The Process Engineer I provides process development and transfer support for IgG immunotherapy production. He/she provides updates to Process Development Management to ensure compliance issues are being met. He/she maintains compliance in the PD laboratory and executes process development/evaluation studies as well as process validations using a scale-down model.

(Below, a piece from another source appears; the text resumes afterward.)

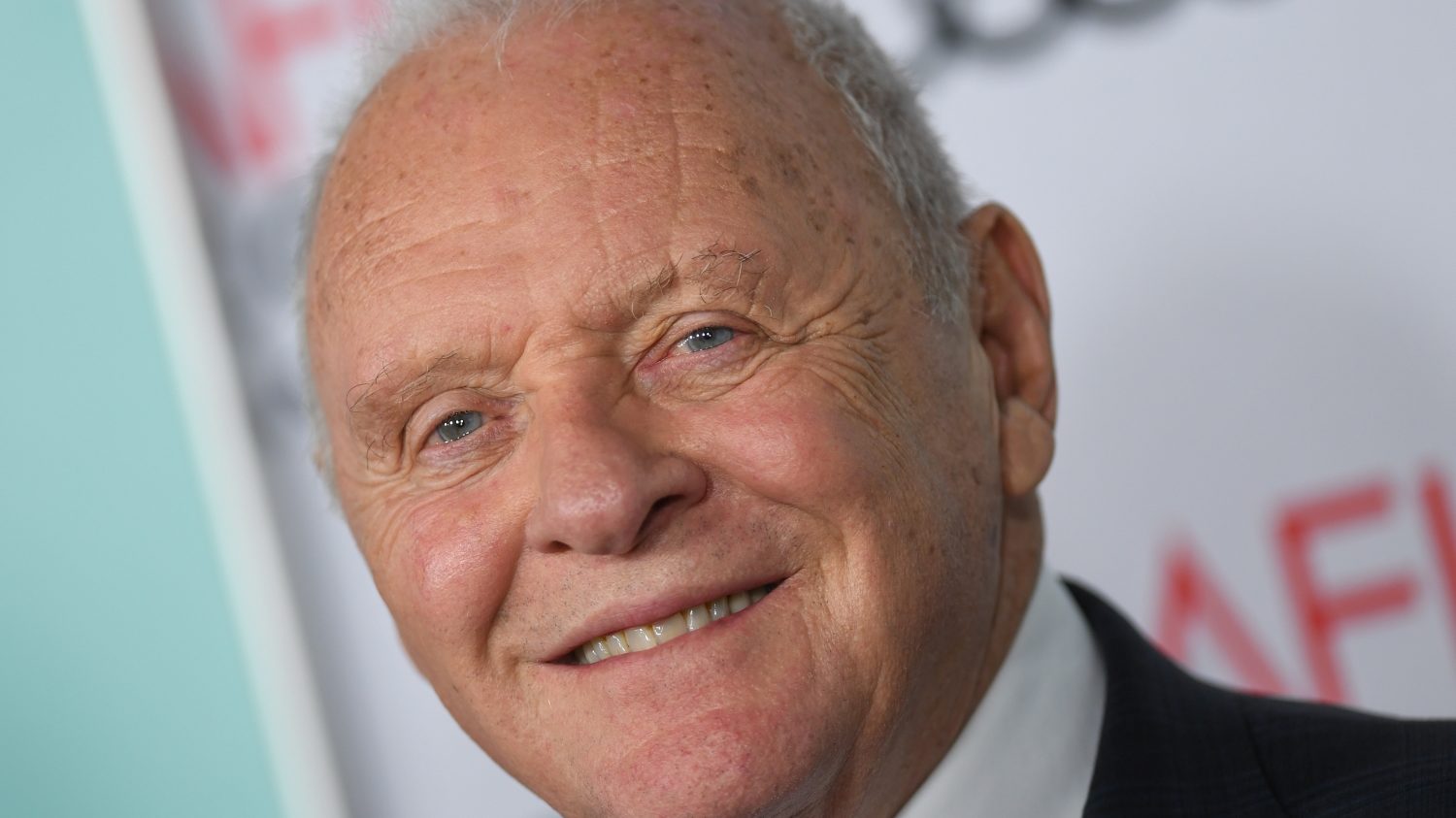 Anthony Hopkins megható videóban kíván boldogabb új évet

As a key member of the PD group, he/she provides support for Manufacturing, Quality Control/Quality Assurance, and Regulatory departments.

Responsibilities

• Provide support for technical issues related to the manufacturing process and product quality.
• Develop new processes as required for production of plasma derived therapies.
• Be familiar with regulatory guidelines to process development/validation as well as implementing manufacturing process changes.
• Optimize and maintain compliance in PD laboratory by ensuring all equipment calibration/IQ/OQ/PM status are current.
• Participate in designing and planning scientific experiments to achieve corporate goals for existing projects.
• Review and/or approve cGMP documentation generated by other PD group members as necessary.
• Lead execution of process development/evaluation studies as well as process validations using a qualified scale down model.
• Be responsible for transferring process changes and/or new processes from PD to Manufacturing.
• Act as a liaison between PD and Manufacturing for supporting deviations and investigations as well as when transferring new and/or optimized processes.
• Maintain and review process development Batch Records for scale down process models.
• Perform other activities as assigned by the PD Managers.
• Support Manufacturing, Engineering, and Quality Management departments with the development and implementation of new process/technology.
• Assist manufacturing personnel in the execution of process development and process validation studies in cGMP production environment as necessary.

Qualifications

• Required: At least three (3) years of experience in a cGMP, Pharmaceutical/Biological manufacturing environment, familiarity with many aspects of process development is expected.
• Required: Knowledge of FDA cGMP requirements.

Education

• Bachelor’s degree in Science or Engineering.

Skills

• Ability to follow the cGMP’s and procedures with great attention to detail.
• Able to work in high-pressure, deadline-driven environment.
• Demonstrated ability to achieve goals, overcome obstacles, and meet deadlines.
• Possess time management skills and be able to balance multiple job assignments at once.
• Possesses excellent oral and written communication skills with close attention to detail and accuracy to collaborate effectively with cross-functional teams and communicate findings and recommendations.